Kuwait appoints first stock market regulator

Kuwait has appointed its first independent regulatory body, the Capital Market Authority, to oversee its stock exchange, Commerce Minister Ahmad Al Harun said on Wednesday.

The managing director of the Kuwait exchange, Saleh Al Falah, was appointed chairman of the new body which has four other members, Kuna quoted Harun as saying after a cabinet meeting.

Before becoming bourse boss five years ago, Falah served for some three years as managing director of the Kuwait Investment Authority, the oil-rich emirate's sovereign wealth fund.

The appointment comes seven months after the Kuwaiti parliament passed legislation to set up the regulatory body with the aim of boosting transparency in one of Arab World's largest stock market.

Under the law, the main duties of the authority are to ensure complete transparency and to prevent insider dealing and other forms of illegal trading and fraud.

Since its foundation as the region's first bourse in the early 1970s, the Kuwait exchange has been run by government-appointed administrators who have been criticised by MPs for a lack of transparency.

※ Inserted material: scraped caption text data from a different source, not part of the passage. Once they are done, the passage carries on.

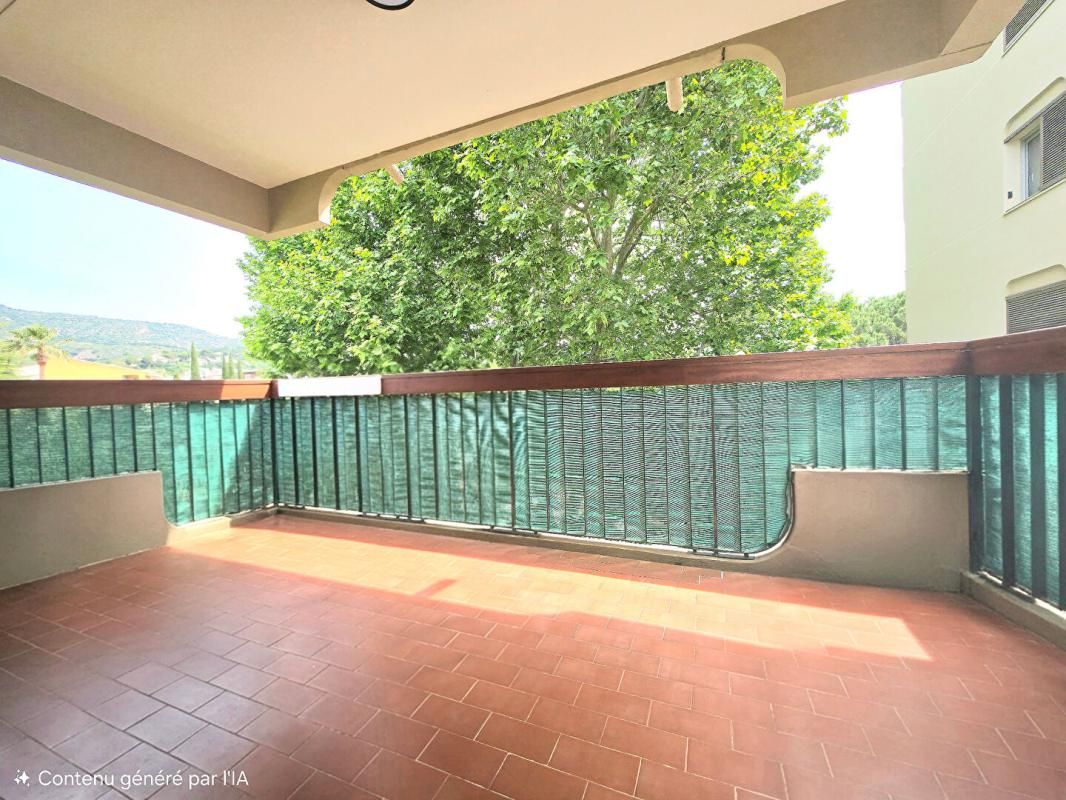 LE LAVANDOU Appartement Le Lavandou 2 pièce(s) 40 m2 ET TERRASSE 1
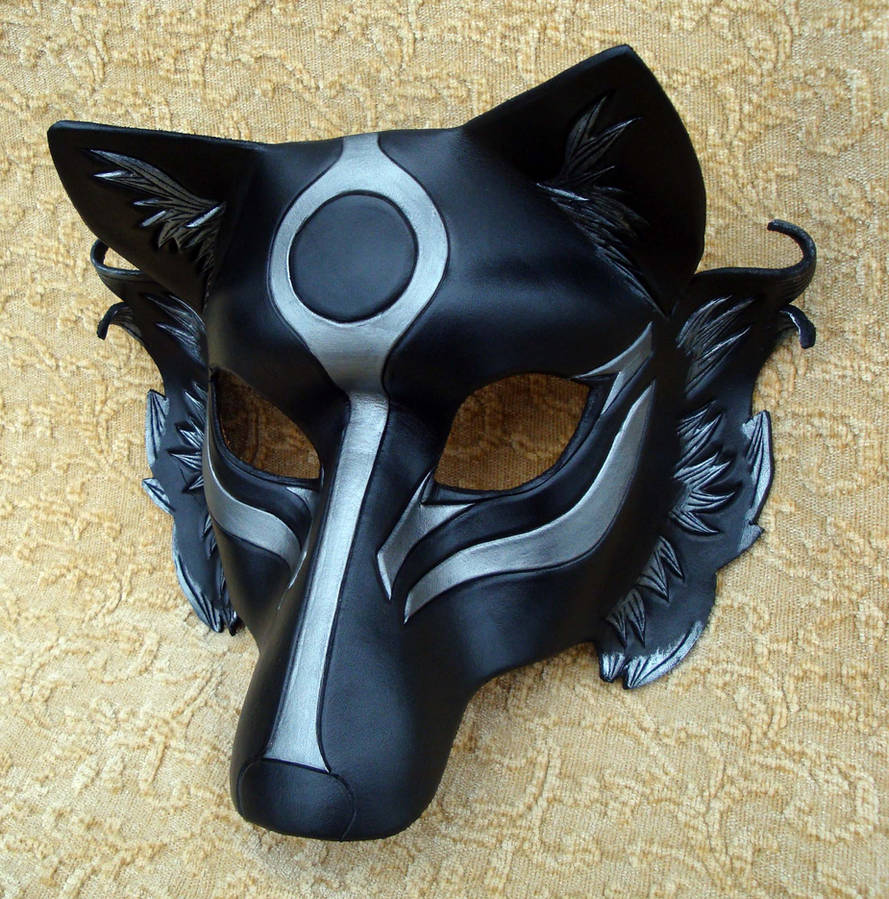 Красивые маски для квадробики. Маска Кицунэ. Маска Кицунэ волк. Маска Аматерасу. Маска Кицунэ черная.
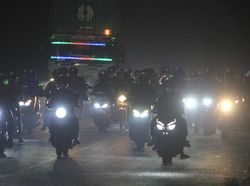 Wanti-wanti Dokter Anak Soal Risiko Fatal Bawa Bayi Naik Motor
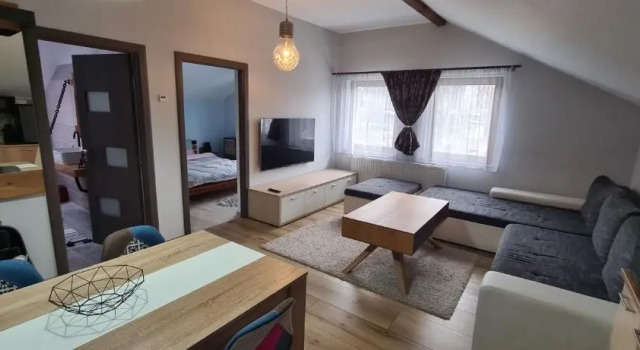 Comfort Home Studio, Rezervovat Hotel Hotely v Hunedoara s parkováním, Parkování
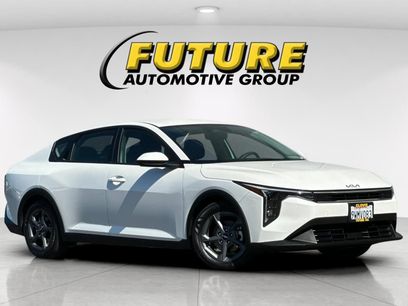 Certified 2025 Kia K4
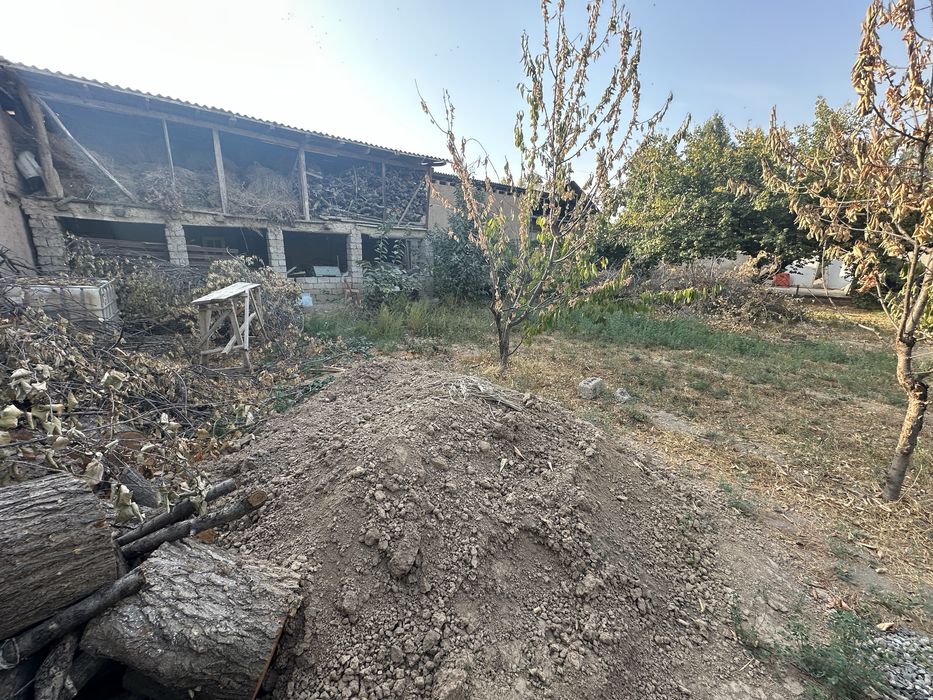 Uchaska 4 sotik sotiladi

The law also calls for the setting up of a special tribunal for the stock market and stipulates hefty jail terms and fines for an array of offences.

The Kuwait exchange has been the only one in the Gulf without a market authority as the law took many years to secure parliamentary approval.

The market has a capitalisation of around $117 billion and lists more than 210 local and foreign companies.

The Kuwait and Bahrain exchanges were the only ones in the Gulf to record losses in 2009, with Kuwait dropping 10 per cent. So far this year, the market has dipped 3.6 per cent.